US clears way for cleanup of Colorado mine after huge spill

FILE--In this Aug 11, 2015, file photo, Navajo Nation Council Delegate Davis Filfred walks along the San Juan River in Montezuma Creek, Utah, near where a spill containing lead and arsenic from the abandoned Gold King Mine in Silverton, Colo., leaked into the Animas River, which flows into the San Juan River on Aug. 5, 2016. The Navajo Nation is the latest to pursue legal action against the federal government over a massive mine waste spill that tainted rivers in three Western states. (AP Photo/Matt York, file)

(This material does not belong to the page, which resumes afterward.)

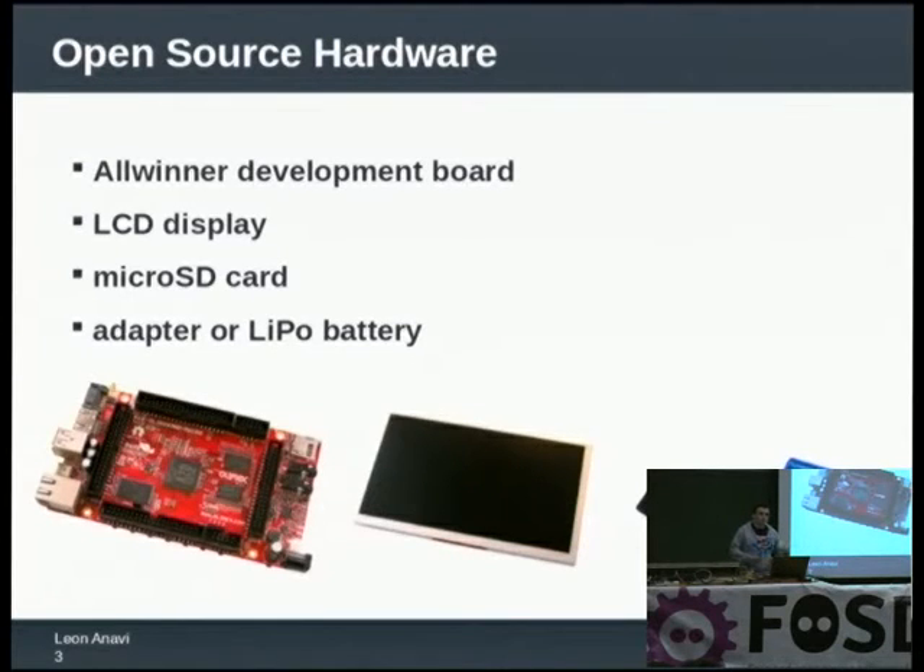There is another company, a Chinese company, manufacturing open source hardware boards. Their line of boards is called CubiBoard because the leading developer there is called Tom Cuby, and he and his friends stand behind their open source project. So you are free to buy either Olimax or CubiBoard and do what I do at home.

DENVER (AP) – A Colorado mine that spilled 3 million gallons of contaminated wastewater into rivers in three Western states has been designated a Superfund site.

Read: EPA’s National Priority List »

The U.S. Environmental Protection Agency’s action Wednesday clears the way for a multimillion-dollar federal cleanup of the Gold King Mine and 47 other nearby mining-related sites.

The EPA also added nine other sites in eight states and Puerto Rico to the Superfund list.

A federal crew inadvertently triggered the Colorado spill during preliminary cleanup work at the inactive mine in August 2015, tainting rivers in Colorado, New Mexico and Utah.

The spill released metals including arsenic, cadmium, copper, lead, mercury, nickel and zinc.

The Superfund designation comes after months of negotiations with southwestern Colorado residents, who feared it could dampen the region’s vital tourism industry.